Immigration Provisions of the Violence Against Women Act (VAWA)



William A. Kandel
Analyst in Immigration Policy

The Immigration and Nationality Act (INA) includes provisions to assist foreign nationals who have been victims of domestic abuse. These provisions, initially enacted by Congress with the Immigration Act of 1990 and the Violence Against Women Act (VAWA) of 1994, afford benefits to abused foreign nationals and allow them to self-petition for lawful permanent resident (LPR) status independently of the U.S. citizen or LPR relatives who originally sponsored them. Congress reauthorized VAWA with the Battered Immigrant Women Protection Act of 2000, which also created the U visa for foreign national victims of a range of crimes—including domestic abuse—who assisted law enforcement. A second reauthorization in 2005 added protections and expanded eligibility for abused foreign nationals. Authorization for appropriations for the programs under VAWA expired in 2011.

The 112
th Congress passed two bills, S. 1925 and H.R. 4970, reauthorizing most VAWA programs, among other provisions.

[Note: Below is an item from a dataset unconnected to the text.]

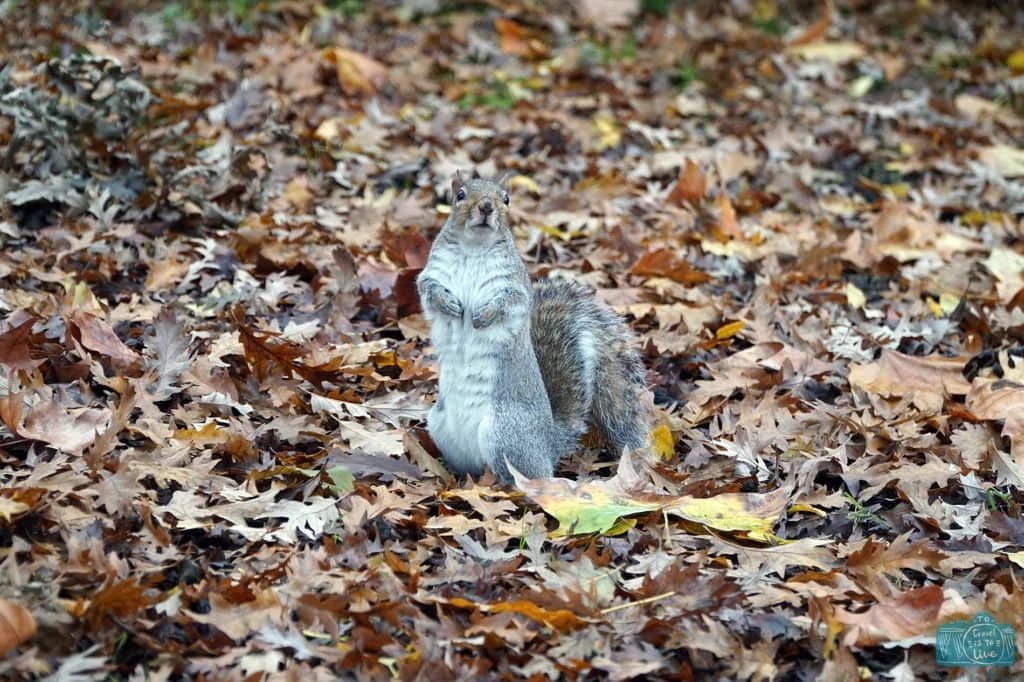 Esquilo no Hyde Park em Londre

Despite containing some related immigration provisions, H.R. 4970 differed in substantive ways from S. 1925. It did not extend protections to new groups to the same extent as S. 1925 and included more restrictions with the purpose of curtailing immigration fraud. Most notably, it maintained the annual number of U visas at its current limit of 10,000, in contrast with S. 1925, which would have increased the number to 15,000. To fund the increase in U visas, S. 1925 included a revenue provision that created a “blue slip” procedural complication. Negotiations stalled between the chambers, and neither bill was enacted into law.

In the 113
th Congress, the Senate passed S. 47, as amended on February 12, 2013. In the House, H.R. 11 was referred to committee. The VAWA-related immigration provisions, similar in both bills, are comparable to those found in S. 1925 from the previous Congress. On February 22, 2013, the House Committee on Rules issued its Committee Print 113-2 for S. 47—Violence Against Women Reauthorization Act of 2013, Text of Amendment in the Nature of a Substitute.

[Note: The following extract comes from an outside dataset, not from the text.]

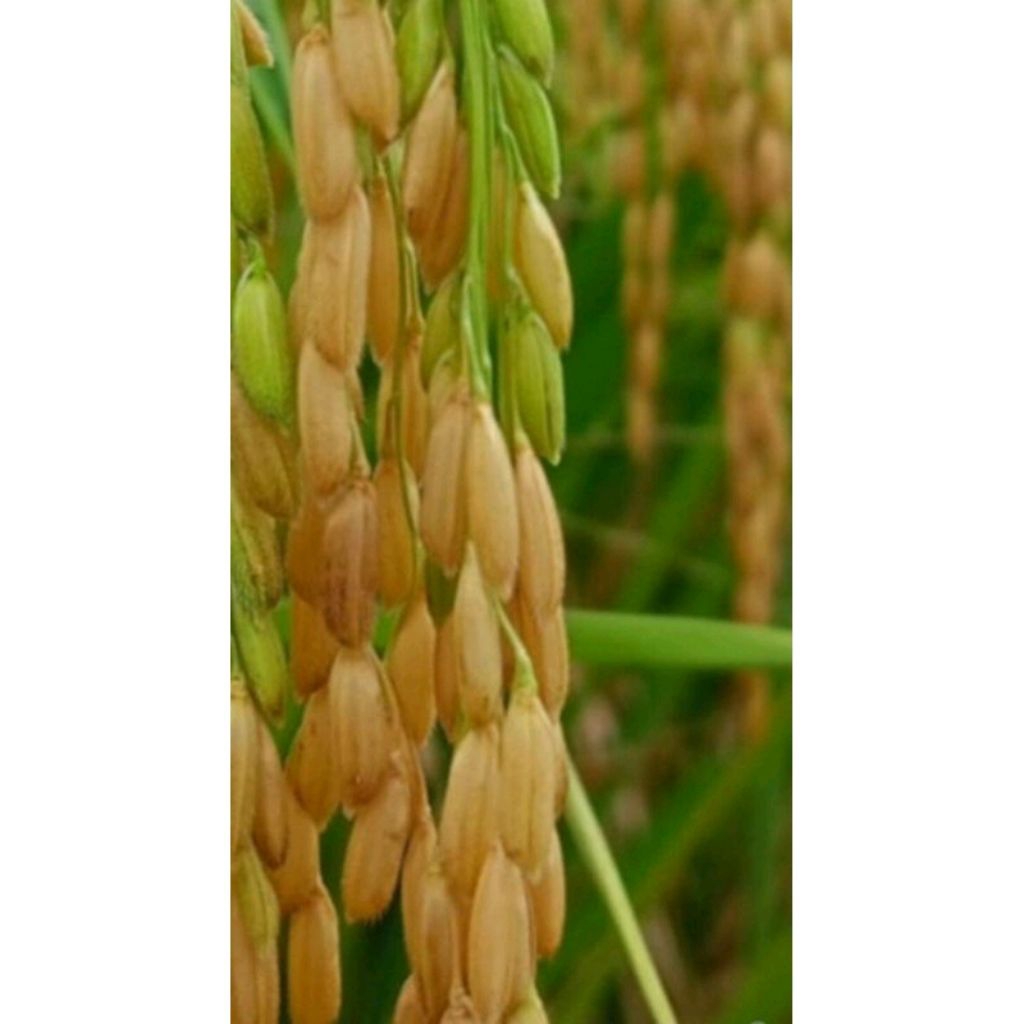 BENIH PADI INPARI 42 JUMBO KEMASAN 5KG BERKUALITAS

S. 47/H.R. 11 and the Committee Rules bill all would maintain the annual number of U visas at 10,000, thereby eliminating the associated “blue slip” procedural complication. The bills would extend VAWA coverage to derivative children of deceased self-petitioning parents and provide for public charge waivers. All three bills would include protections for petitioning children who “age out” of eligibility, unknowing bigamy victims, and foreign nationals under age 18. They all would increase annual reporting requirements and permit information sharing of VAWA data for national security purposes.

Regarding differences between the three bills, S. 47/H.R. 11 would amend current law by including “stalking” in the definition of criminal activity covered under the U visa. S. 47/H.R. 11 would require more extensive background checks and demand more consistent self-disclosures for U.S. citizen petitioners of alien fiancés or fiancées to provide the latter with greater information about potential abuse. The two bills would impose additional penalties for marriage broker violations as well as false or incomplete representations by U.S. clients to foreign nationals to foster dating or matrimonial relationships. The Rules Committee bill does not contain these provisions.

The Rules Committee bill would eliminate U visa certification eligibility for U visa petitioners described as likely to be helpful to law enforcement. It includes a provision that would grant the Attorney General the authority to go beyond the record of conviction to ascertain if domestic violence crimes constitute crimes of violence when determining if an individual is deportable. S. 47/H.R. 11 do not contain these provisions.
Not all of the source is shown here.